Liquidity and Capital Resources
     Net Cash Provided by or Used in Operating Activities
     Net cash provided by continuing operating activities was Rs. 46,735 million ($962.0 million) in the nine months ended December 31, 2008. During the nine months ended December 31, 2007, Rs. 53,669 million of net cash was used in continuing operating activities. The cash used for working capital purposes and short term investments and deposits were Rs. 4,848 million and Rs. 97,071 million, respectively. The cash provided by working capital and operating activities during the nine months ended December 31, 2008 was partially offset by net cash of Rs. 1,176 ($24.2 million) used towards short-term investments.
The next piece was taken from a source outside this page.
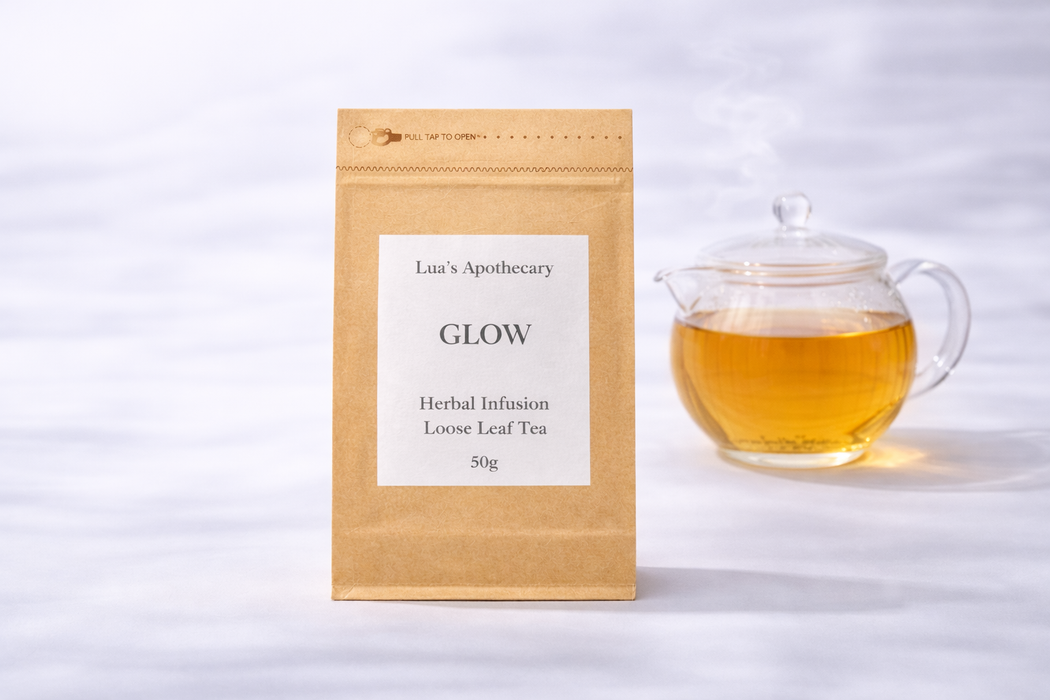 GLOW Herbal Infusion | Radiance & Daily Vitality | Lua’s Apothecary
     Net Cash Used in Investing Activities
     Net cash used in investing activities was Rs. 30,940 million ($636.9 million) in the nine months ended December 31, 2008 as compared to Rs. 27,523 million of net cash used in investing activities in the nine months ended December 31, 2007. The cash used in investing activities for the nine months ended December 31, 2008 was Rs. 25,895 million ($533.0 million) towards expansion projects in our commercial power generation, aluminum and zinc businesses and Rs. 6,041 million ($124.4 million) towards an advance to a related party, partially offset by short term deposits of Rs. 1,054 million ($21.7 million).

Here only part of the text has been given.